DRI: @Guillaume Michel (guissou) (discord handle: @guissou#9964)

✅ Project Completed

Final Report: https://github.com/protocol/network-measurements/blob/master/results/rfm19-dht-routing-table-health.md

Implementation: https://github.com/protocol/network-measurements/tree/master/implementations/rfm19-dht-routing-table-health

Slides CID: bafybeigdjyzepom74haqau7ojzay7zgwula4kss6nxoyqmrrrwwzjphf5q

https://www.youtube.com/watch?v=FU3oIZL0L5E

Motivation

We want to measure the health of the Kademlia routing table in the running IPFS network. The measurements described in this page will help us understand better the state of the routing table in practice and will provide hints on how to improve routing in libp2p/IPFS.

Method

Using the excellent Nebula Crawler, we can crawl the network to get all online peers in the IPFS network, and the peers in their k-buckets. Using this data, we are able to measure the following.

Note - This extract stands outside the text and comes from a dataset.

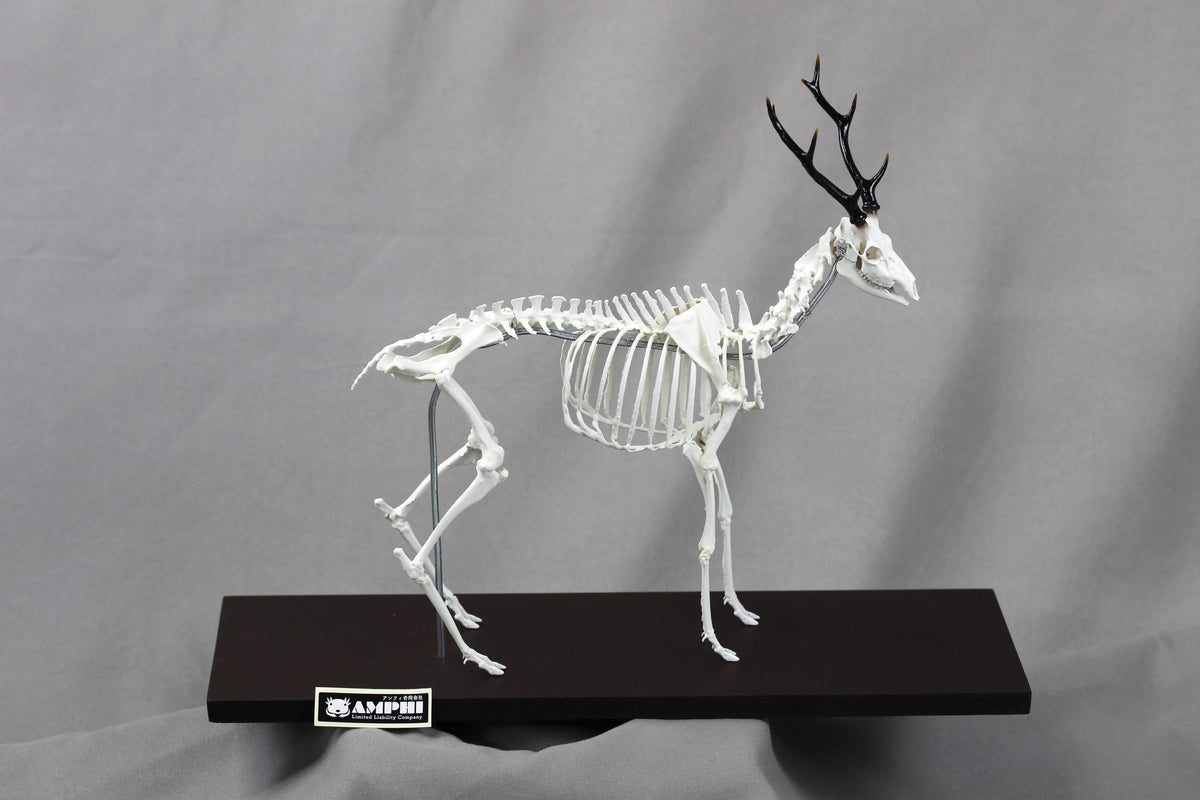 Japanese Deer (Cervus nippon), miniature whole body skeleton replica.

Planned measurements: part 1

20 closest peers

Every node has to look for its own identifier when joining the DHT, and it is supposed to receive the k=20 closest node identities to itself.

We want to monitor if every node is actually aware of its 20 closest neighbors. And observe churn in these 20 closest peers.

Non full k-buckets

bucket i contains all nodes that are at a distance between 2^i and 2^(i+1), capped at k=20 peers per bucket. Each bucket should be as full as possible.

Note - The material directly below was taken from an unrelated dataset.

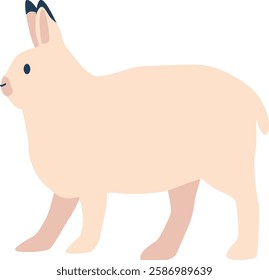 Arctic hare animal vector illustration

For non full k-buckets, we want to verify some nodes that should be included in these buckets are missing, and understand why.

Empty buckets that shouldn’t be empty

If there is at least 1 peer at a distance between 2^i and 2^(i+1) of the reference peer, then its bucket i should never be empty. This is a critical case, as it threatens connectivity.

Same as above, for empty buckets, verify that no other online peer belongs in there.